According to the US Environmental Protection Agency’s Web site, “The drift of spray from pesticide applications can expose people, wildlife, and the environment to pesticide residues that can cause health and environmental effects and property damage.” Yet the pesticide residue that ends up somewhere other than crops can vary in volume and be based on weather, rain and soil conditions – even if the chemicals are applied properly.
Similar conflicts have played out across the country.
In Washington state, monitoring stations were set up at certain apple orchards to measure whether pesticide sprays are drifting toward homes or schools. In September, a Santa Cruz, Calif., jury awarded an organic herb grower $1 million in damages after deciding a pesticide company violated the farmer’s rights when its chemicals drifted with the fog onto his crops. And in Maine, some homeowners near blueberry farms are urging state officials to prohibit aerial application of pesticides within 200 feet of homes, buildings and public roads.
The schism in Hastings began in December 2006, when two area high school students tested the air near South Woods Elementary School for a science project. The eight-day test found levels of four pesticides that were sprayed on nearby cabbage fields.
The students and a handful of residents asked the Pesticide Action Network North America – a group that opposes the use of such sprays and chemicals – to test again. The group found levels of the same chemicals in the air in the spring of 2007, including three substances that are or will soon be banned in Europe. The local school board sponsored a probe, which found nothing.
PANNA tested the same location again in the fall of 2007 and in a report released in September 2008, said that “distressing” levels of the same four chemicals were detected in the air near the school.

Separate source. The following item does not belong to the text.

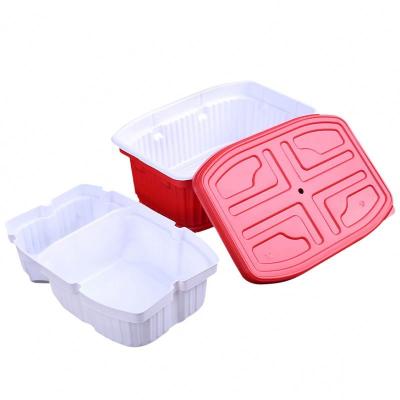 China Black 1000Ml Disposable Thermoform Self Heating Leak Proof Rectangular Plastic Meal Container Disposable Take Out Bento Box for sale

The federal Environmental Protection Agency and the Florida Department of Agriculture and Consumer Services are reviewing the latest PANNA report. “So far, data available to the Agency concerning levels of pesticides in homes or children’s bodily fluids are limited and inconclusive, and do not demonstrate that children in agricultural areas receive significantly more non-occupational exposure than children in nonagricultural areas,” wrote Dale Kemery, spokesman for the EPA in Washington, D.C.
Doubts and bad feelings linger in this once-tight community.